Wally Brooks and His Sunshine Girls

Slapstick comedy. Costumes and rural setting. Dancing.
Comic dialogue and singing.
"Alabama Jubilee," "That Dixie Band" and "Honeymoon Bells."
At the Palace much laughter was caused by Hiram's love making, Hiram reading from a book of instructions on love which bit is also done in the Ardpath act.
At this hour one must make comparisons with Brooks' act with that of the Ardpath vaudeville troop as each turn is of the rural sort that has a show company hit the farm with the leading character a blustery, breezy overgrown country boy named Hiram. There is also the dinner scene with the usual bits of the hot coffee pot being thrust down the centre of the older Rube's pants in the act, the hand burning by the hot potatoes, the hands in the bowl, etc., which both acts use. In the Ardpath turn there is live stock and a more countrified aspect, with a Rube sheriff and several show girls in long dresses.

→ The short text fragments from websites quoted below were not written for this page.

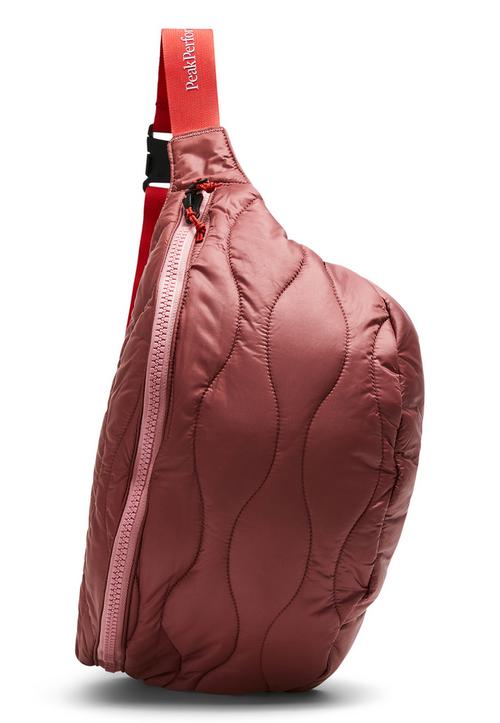 Peak Performance Bauchtasche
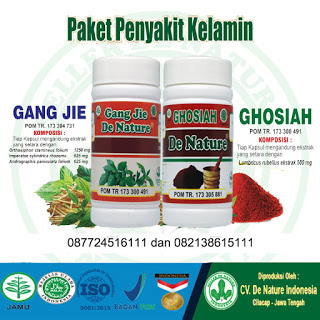 obat kencing nanah obat kencing nanah di apotik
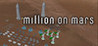 Million on Mars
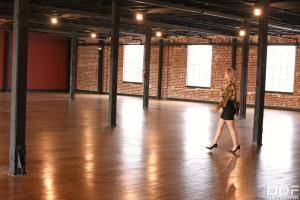 Original 4000 px/ 2667 px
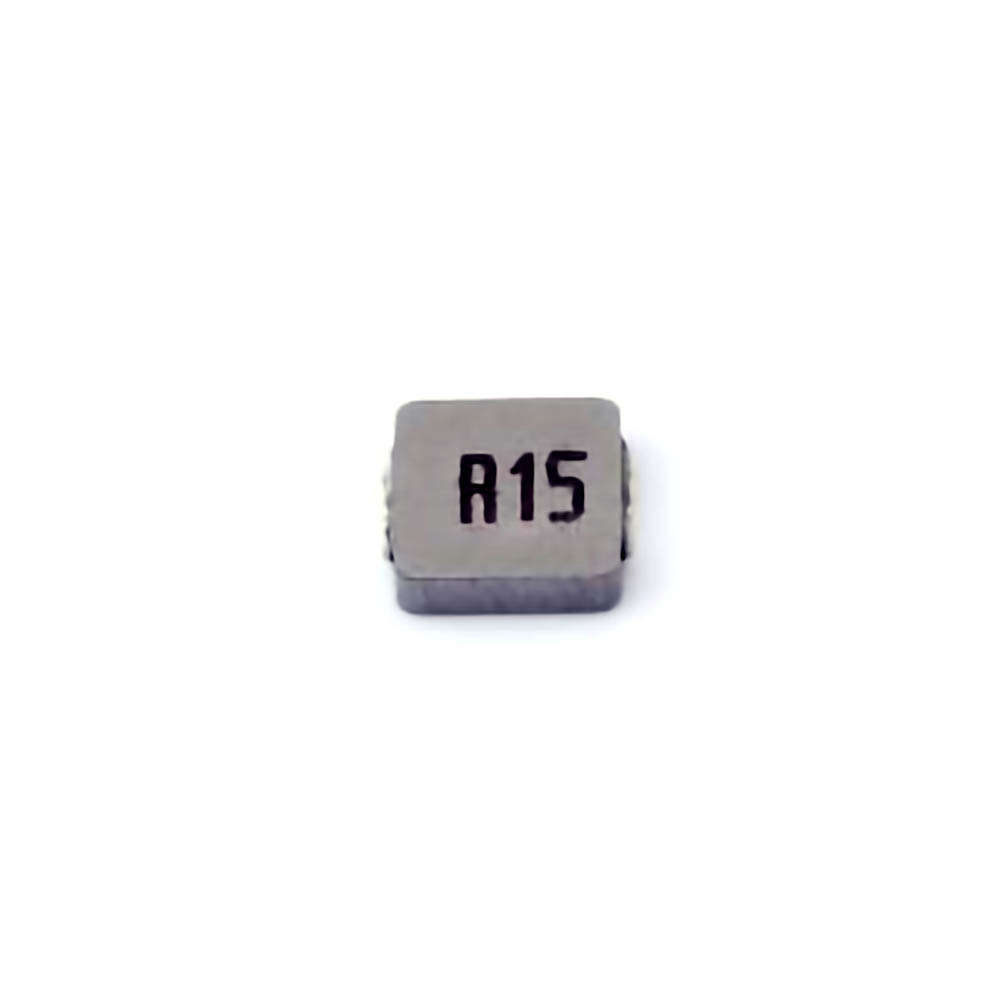 FAUL0412-R15MT 150nH ±20% 15A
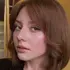 Елена из Тулы, ищу на сайте знакомства без обязательств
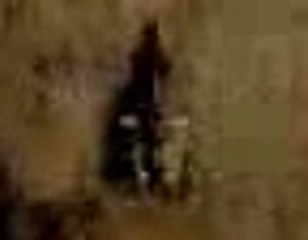 Sick -4 Man for Slinny by aLx _ SK Gaming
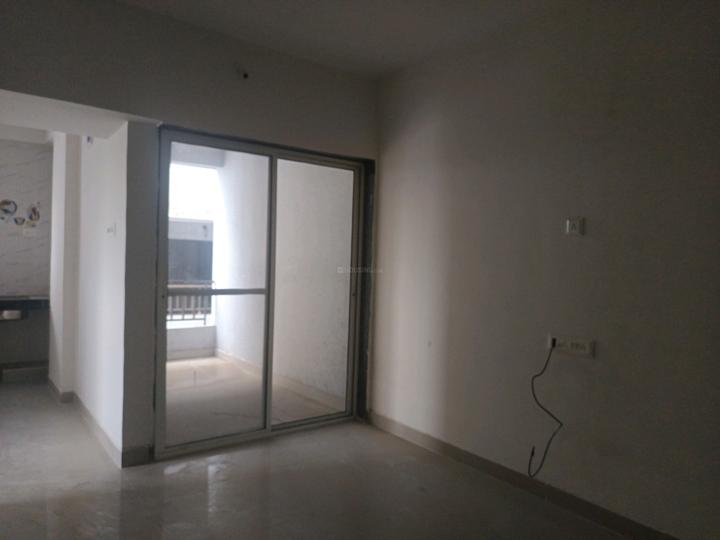 Samarth heights bheakrai nagar Main Image 1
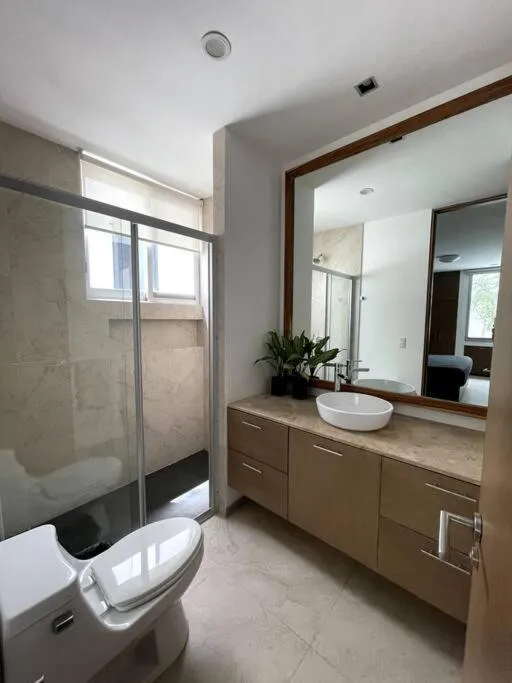 Image 3 of 2BR Condo with great view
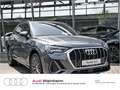 Audi Q3 S line 35 TFSI S tronic Grau - thumbnail 3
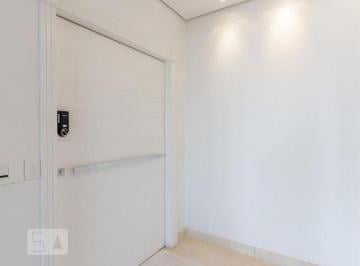 Apartamento · 267m² · 4 Quartos · 5 Vagas · Apartamento à Venda - Vila Mariana, 4 Quartos, 267 m² - São Paulo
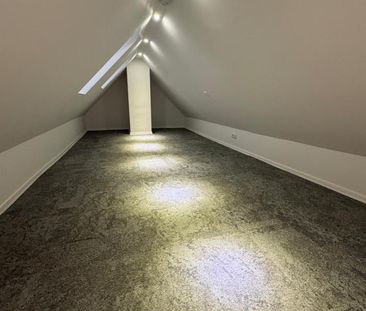 Ab Mitte Januar steht eine 2,5-Zimmer-Wohnung zur Vermietung bere - Photo 3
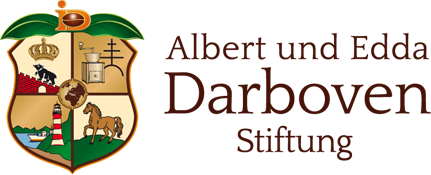 Darboven Stiftung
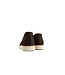 Magnanni Hoge Loafer Cacao Grab. Lousiana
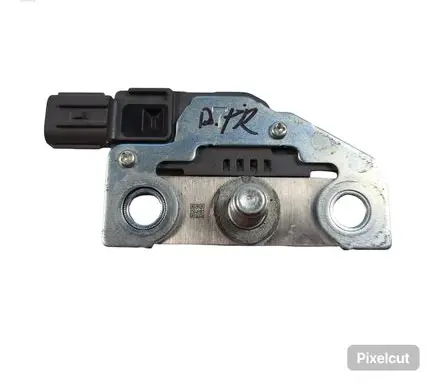 Subaru Forester SK Seat pressure sensor H19Y15 02193 20A29D0210917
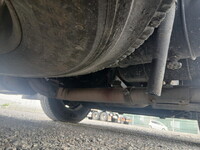 MITSUBISHI FUSO Super Great Trailer Head QKG-FP54VDR 2013 978,017km_27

In the Brooks offering there are two Rube characters, a soubrette girlie called Trixie, to whom Hiram makes love, and five choristers, who make several pleasing changes of costumes and help out on most of the numbers with voice and feet. Brooks also does the hot potato picking up with the pitchfork. Brooks may have done his type of rube comedy long before Ardpath and it may have been vice versa. It's up to them to settle the matter between themselves. Miss [Dorothy] Melantanio is sure a good looker, shows considerable pep, although experience and some modern stepping instructions will help her advance, and is a great help to Brooks all the way. The act runs 19 minutes, having a full stage special farm exterior. "Alabama Jubilee" is the opening number, the girls wearing old fashioned dresses for this number. The next selection is "That Dixie Band," the girls wearing purpled outfits of the abbreviated type. The next was "Honeymoon Bells," with Brooks and Miss Melantanio leading, doing a dance at the close. The girl also changed for this number, wearing white dresses. Miss Melatanio changed into a nifty pink array for the last half of the turn. She is of the typical soubrette style, short, curly hair and wearing the accustomed regalia hat shows her shapely legs to advantage.